— Exercise aim —
Return each entry below word for word, leaving out any image.

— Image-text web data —
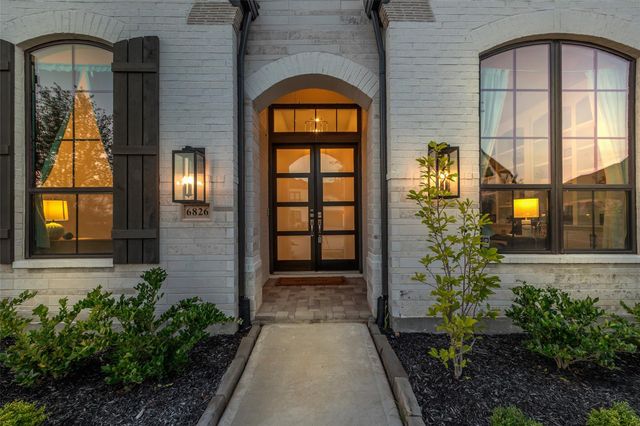 6826 Mirabeau Lane, Katy, TX 77493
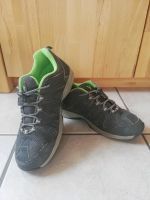 Vty Trekkingschuhe grau grün Gr. 37 Baden-Württemberg - Herbolzheim Vorschau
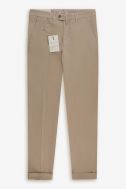 Hosen B-Settecento Slim B700-4033-MH700-42-0926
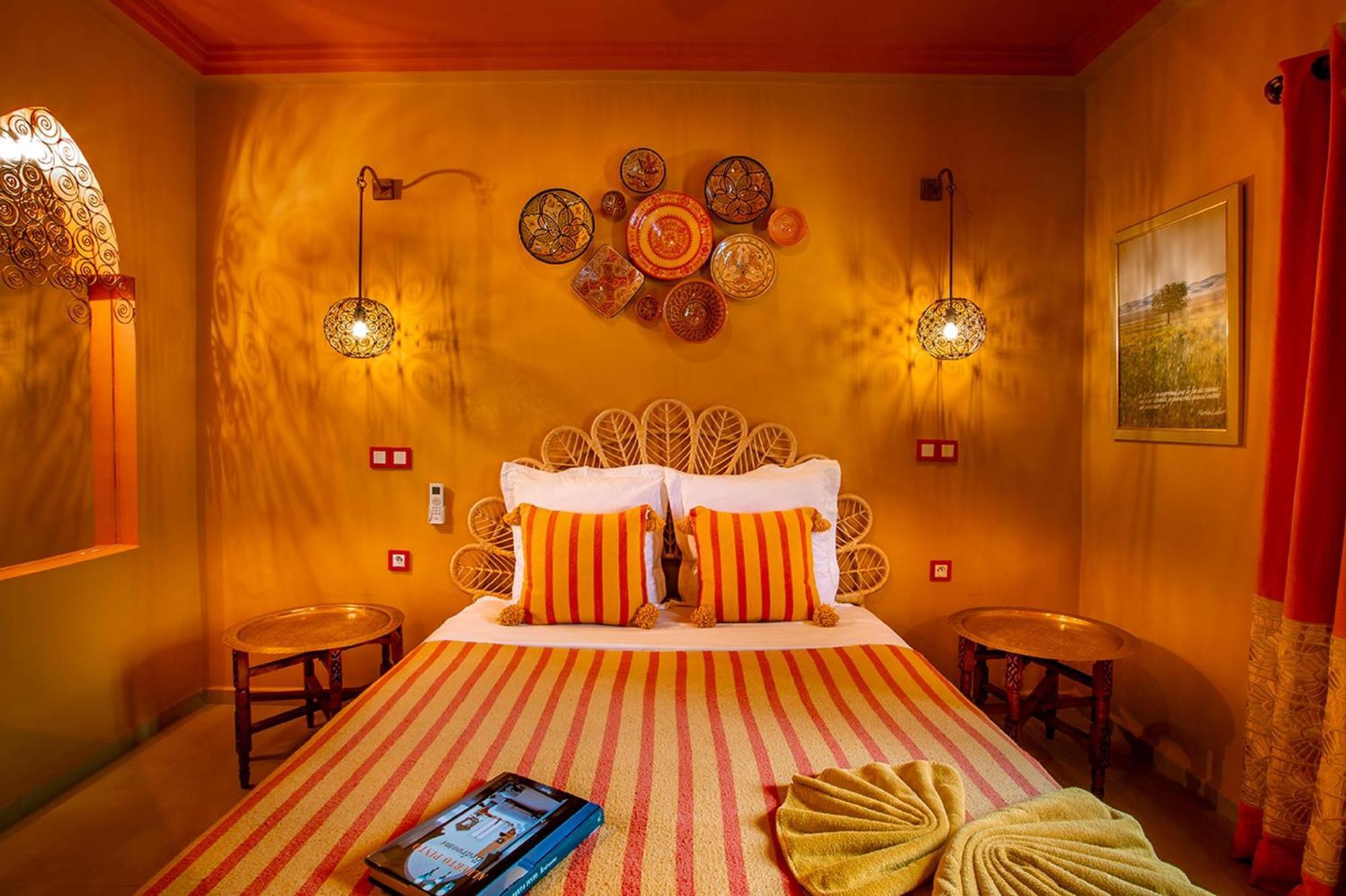 Apartamento Les Tanneurs Penthouse Marrakech Marrakesh Exterior foto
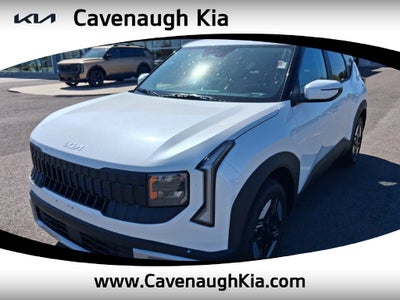 2027 Kia Seltos LX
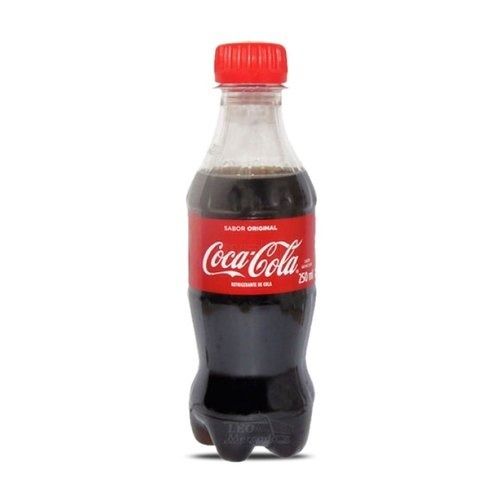 Pack Of 250 Ml Contains Carbonated Water And Caffeine Coca Cola Cold Drink 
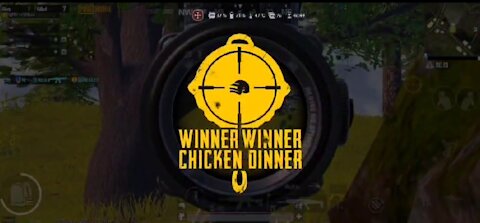 Tips & Strategy to WWCD in PUBGM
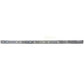 A-903-105-AI Overlap Strap, Twin Bolted
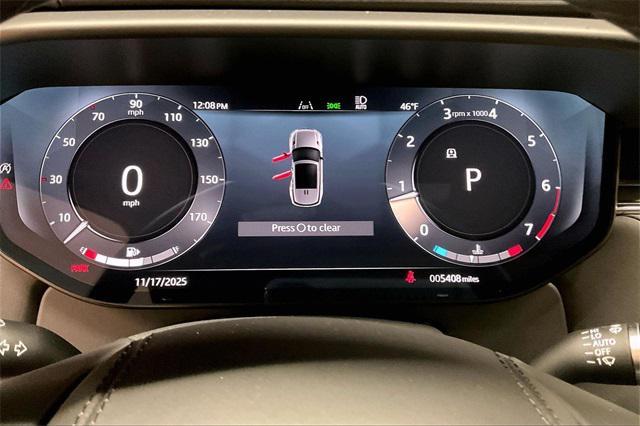 used 2024 Land Rover Range Rover Sport car, priced at $85,000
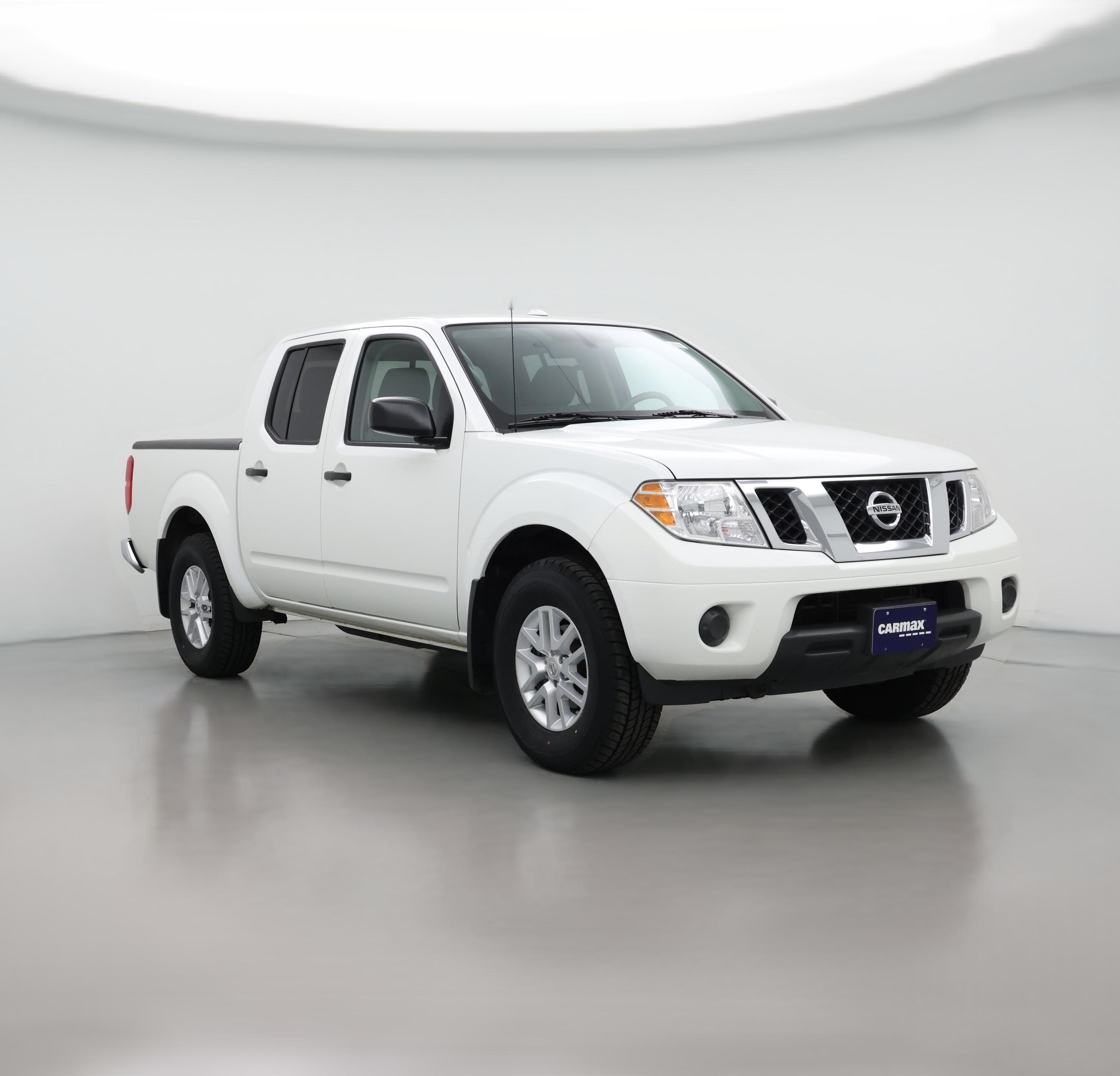 Thumbnail: 2018 Nissan Frontier - 1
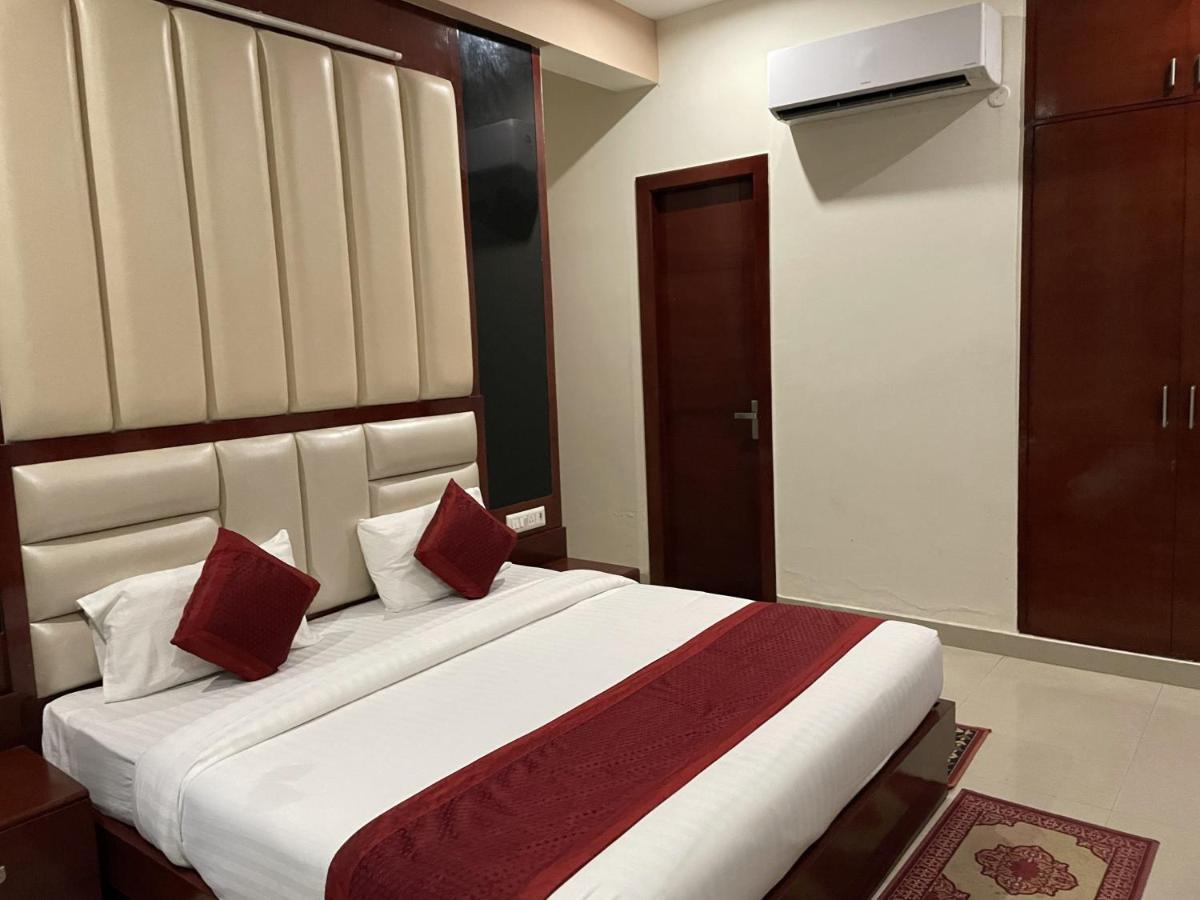SUMEDHA G Village Resort&Spa Raiwala Exterior foto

— Expected output —
 6826 Mirabeau Lane, Katy, TX 77493
 Vty Trekkingschuhe grau grün Gr. 37 Baden-Württemberg - Herbolzheim Vorschau
 Hosen B-Settecento Slim B700-4033-MH700-42-0926
 Apartamento Les Tanneurs Penthouse Marrakech Marrakesh Exterior foto
 2027 Kia Seltos LX
 Pack Of 250 Ml Contains Carbonated Water And Caffeine Coca Cola Cold Drink 
 Tips & Strategy to WWCD in PUBGM
 A-903-105-AI Overlap Strap, Twin Bolted
 used 2024 Land Rover Range Rover Sport car, priced at $85,000
 Thumbnail: 2018 Nissan Frontier - 1
SUMEDHA G Village Resort&Spa Raiwala Exterior foto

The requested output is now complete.